** GIVEN MATERIAL **
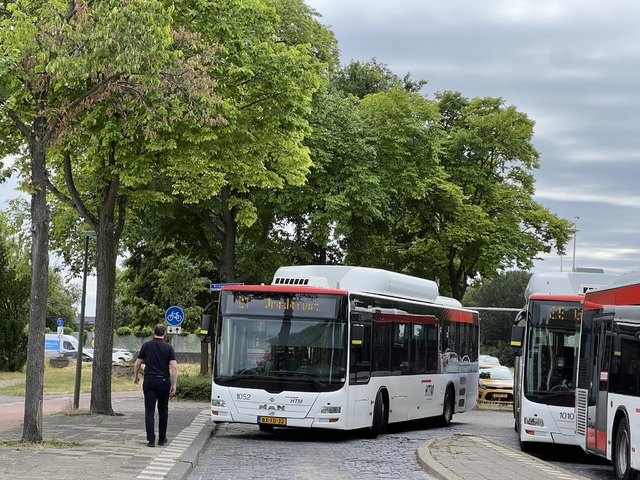 Foto van HTM MAN Lion's City CNG 1052 Standaardbus door Stadsbus
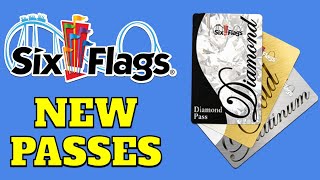 Six Flags Memberships Are GONE Again  New Season Passes EXPLAINED [upl. by Astto387]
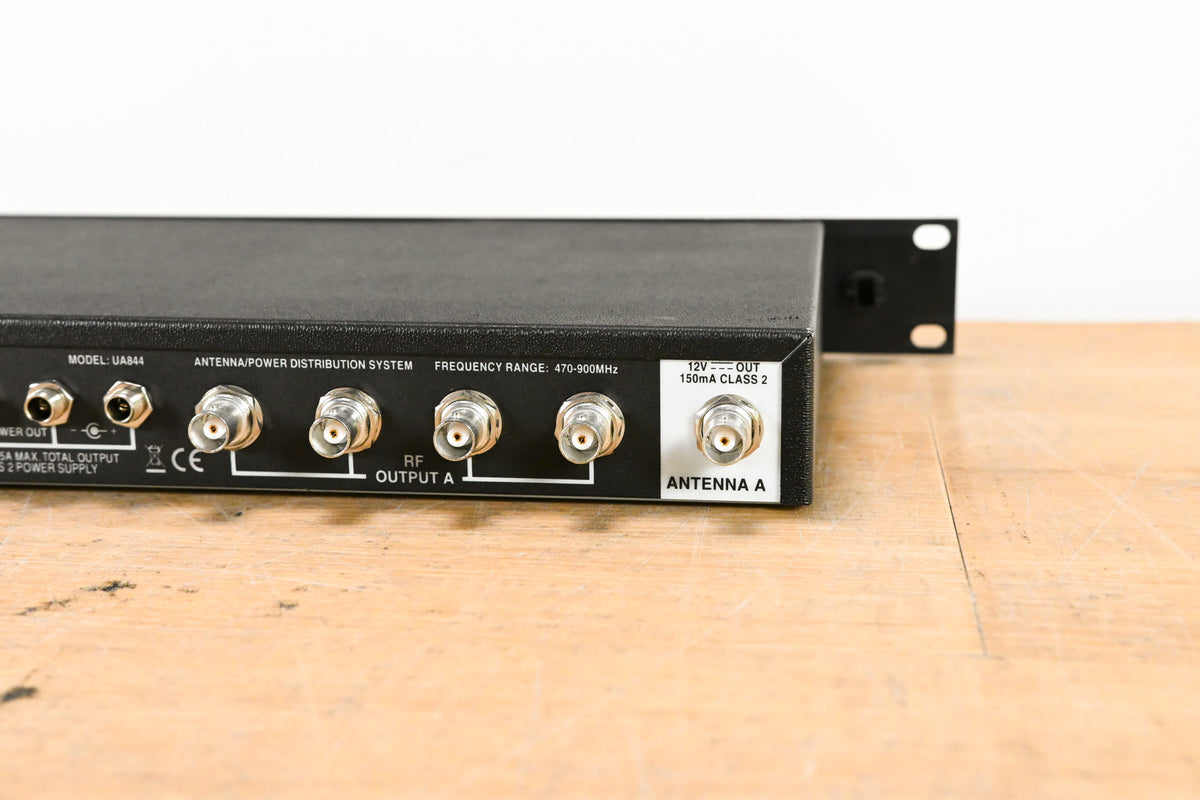 Shure UA844 Antenna Distribution System - 470-900 MHz (NO POWER SUPPLY)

** TASK TO CARRY OUT **
Every line from the one containing "Six Flags Memberships" through the last line of the listing must be written out again exactly, and no other line. Leave the pictures aside.

** ANSWER **
 Six Flags Memberships Are GONE Again  New Season Passes EXPLAINED [upl. by Astto387]
 Shure UA844 Antenna Distribution System - 470-900 MHz (NO POWER SUPPLY)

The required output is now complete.